22/05/2026
James Hillman, in one of the most evocative meditations on alchemical salt, deepens Jung’s understanding of salt as feeling and Eros by describing it as the very mineral ground of subjective experience itself, that mysterious substance without which life simply passes through us as event without embodiment, experience without the bite-marks of hard earned wisdom, or, to put it more in the spirit of our time: a ChatGPT word-salad without the substance of a human spirit: “No salt, no experiencing, merely a running on and running through of events without psychic body.”
In psychological alchemy, salt is not merely a material substance but the capacity to feel, to suffer, to remember, to be marked by life; it is what gives blood, tears, sweat, grief, longing, resentment, regret, remorse and the pungency of revenge. Without salt there is no opus, because there is no genuine participation in the reality of one’s own experience.

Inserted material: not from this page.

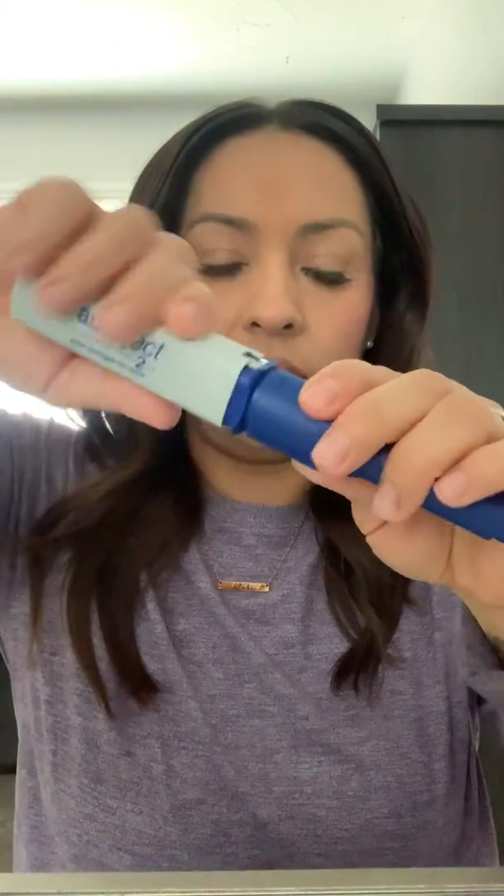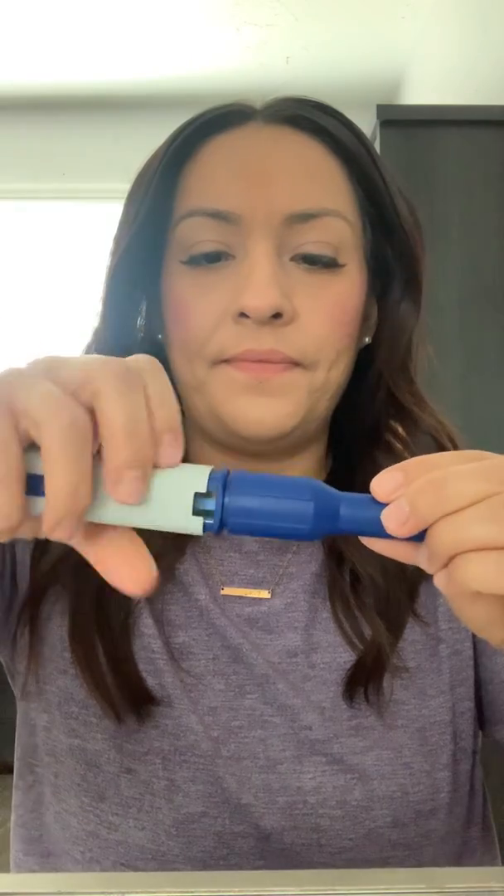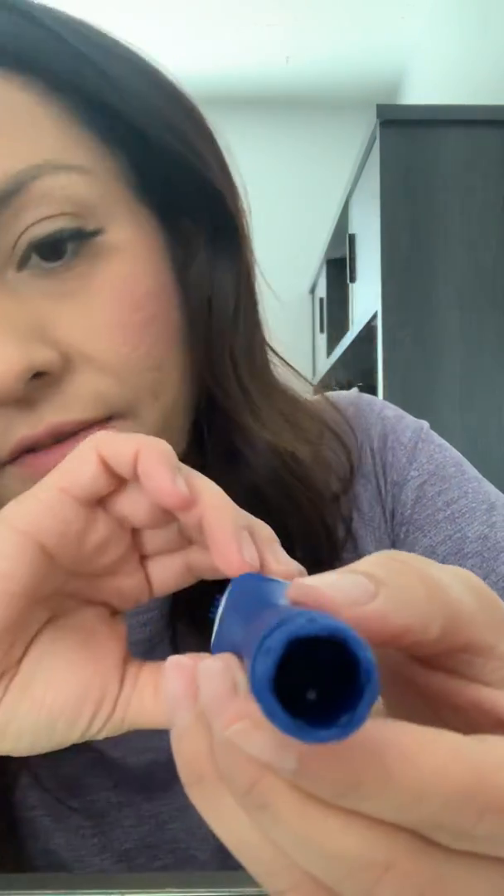And then you put the lid back on. Now you take this off — okay, all right, so that did it for me. There's the lid, it just popped off. So now this is all loaded, and you can see that's where it's going to push through. I don't know if you can see the needle in there — it's ready to go.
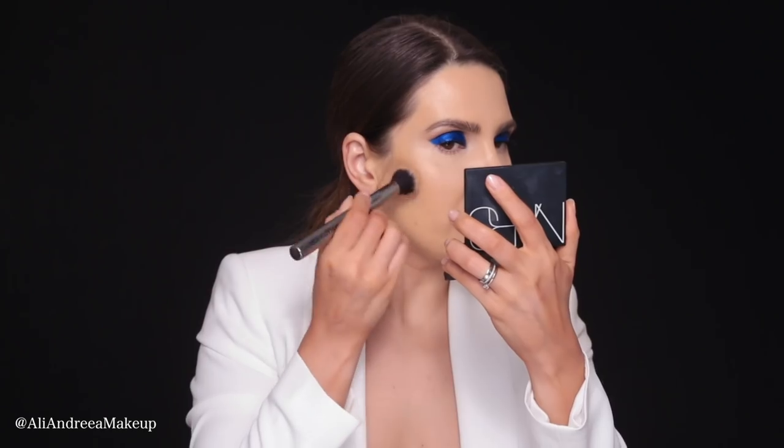I'll use the same concealer as an illuminator to brighten up the skin — I'll apply it on my nose and chin. Then I'll take this cute little mini beauty blender and blend everything, including the purple around the eyes. Now I'm going to use this Tom Ford Shade and Illuminate in Intensity 1, with my Morphe G40 brush. If you're looking for a brush that blends your concealer and creams almost by itself, this is it — it's that good.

Hence the striking alchemical statement from the Golden Tract: “He who works without salt will never raise dead bodies.”
As Hillman puts it poignantly, to mine and find the salt of life is not to seek healing for the sake of perfection or even wholeness, but for the sake of life itself:
“We may imagine our deep hurts not merely as wounds to be healed but as salt mines from which we gain a precious essence and without which the soul cannot live.”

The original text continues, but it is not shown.